Sen. Bob Corker (R-Tenn.) has been pushing for an add-on to the National Defense Authorization Act that would require congressional approval of any tariffs imposed by Trump under the national security provisions contained in Section 232 of a 1962 trade statute.
But it has run into "blue slip" issues because of the Constitution’s origination clause, which requires bills that raise revenue start in the House.
That led Sen. Jim Inhofe (R-Okla.), managing the bill on the floor in the absence of Armed Services Chairman John McCain (R-Ariz.), to object to Corker’s attempt to offer the amendment and remedy the blue-slip problem yesterday.
Corker, in an impassioned floor speech, said he was disappointed that members of his own party were refusing to vote on the bill because it would "upset the president."
"I can’t believe it!" he said. "I would bet that 95 percent of people on this side of the aisle support, intellectually, this amendment. I would bet that. I would bet more than 95 percent."
Corker said he would allow the process to move forward without his amendment, but the bill has hit a web of other roadblocks.
Republican Sens. Mike Lee of Utah and Rand Paul of Kentucky are holding up the NDAA until they get votes on a pair of amendments related to indefinite detention at military prisons. Other senators, meanwhile, have threatened to hold up the process if Lee and Paul do get their votes, Inhofe said.
Corker estimated yesterday that there are "about 15 people blocking the bill." The situation has put the Senate in a bind and could effectively mean that no amendments get a vote.
"That’s a possibility," said Inhofe.
That includes two proposals on critical minerals — elements deemed vital to national security — that have sparked an outcry from environmentalists.
One, from Heller, would make myriad changes to environmental permitting for mining, including designating a lead federal agency and slapping a 30-month time limit on National Environmental Policy Act reviews.
The other, from Murkowski and Heller, would require the Interior Department to determine which minerals are "critical" and address permitting delays.
Also included in a bipartisan manager’s package of amendments awaiting approval is a proposal by Minnesota Democratic Sens.
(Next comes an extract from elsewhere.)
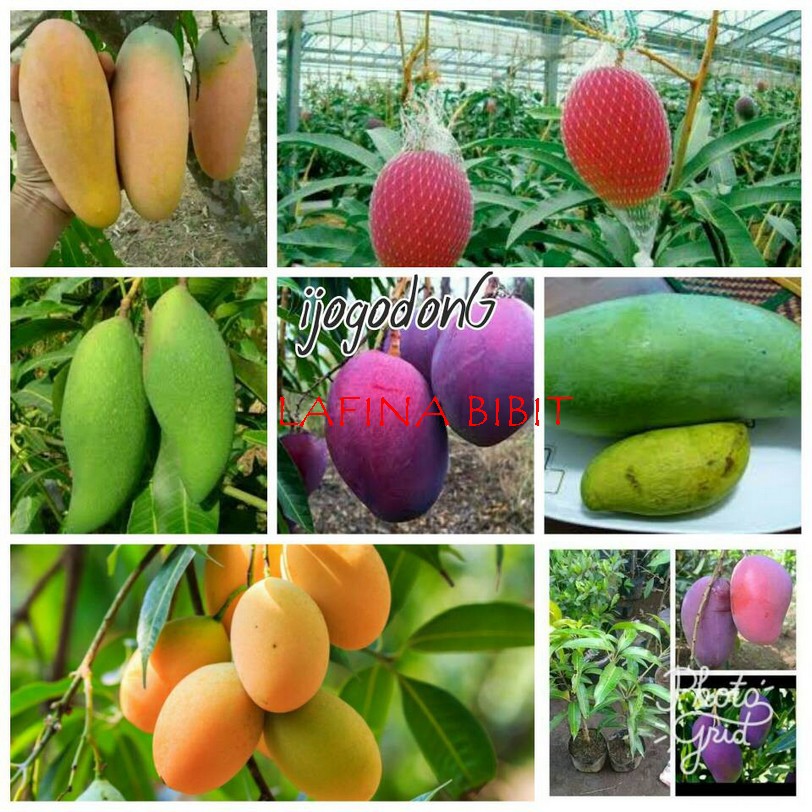 paket bibit Mangga 4 pohon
Tina Smith and Amy Klobuchar to codify a land exchange between PolyMet Mining Corp. and the Forest Service, paving the way for a major copper-nickel mine in Minnesota (E&E Daily, June 12).
For now, Corker’s amendment is effectively dead and the rest on standby. And Majority Leader Mitch McConnell yesterday took a procedural step to move toward final passage.
Senate leaders had been hoping to finish up on the bill by Friday, but Inhofe acknowledged yesterday that it could bleed into next week.
"It could," he said. "I don’t want it to."
Reporter Geof Koss contributed.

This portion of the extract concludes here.